### WHAT YOU SHOULD DO
In the listing below, the lines starting with the line with "Aquamarine White Elegant" and going on through the line with "A rectangular, bright" are to be reproduced exactly, and only those.

### DATASET ENTRIES
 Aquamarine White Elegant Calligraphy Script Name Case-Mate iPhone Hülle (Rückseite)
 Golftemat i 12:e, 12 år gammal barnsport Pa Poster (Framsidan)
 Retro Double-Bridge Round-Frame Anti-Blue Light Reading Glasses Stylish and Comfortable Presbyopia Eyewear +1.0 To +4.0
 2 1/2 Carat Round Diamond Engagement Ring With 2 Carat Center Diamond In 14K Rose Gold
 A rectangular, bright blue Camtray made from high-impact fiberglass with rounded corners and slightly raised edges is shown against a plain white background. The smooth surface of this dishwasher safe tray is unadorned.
==
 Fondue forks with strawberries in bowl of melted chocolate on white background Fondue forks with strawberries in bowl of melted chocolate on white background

### RESPONSE BOX
 Aquamarine White Elegant Calligraphy Script Name Case-Mate iPhone Hülle (Rückseite)
 Golftemat i 12:e, 12 år gammal barnsport Pa Poster (Framsidan)
 Retro Double-Bridge Round-Frame Anti-Blue Light Reading Glasses Stylish and Comfortable Presbyopia Eyewear +1.0 To +4.0
 2 1/2 Carat Round Diamond Engagement Ring With 2 Carat Center Diamond In 14K Rose Gold
 A rectangular, bright blue Camtray made from high-impact fiberglass with rounded corners and slightly raised edges is shown against a plain white background. The smooth surface of this dishwasher safe tray is unadorned.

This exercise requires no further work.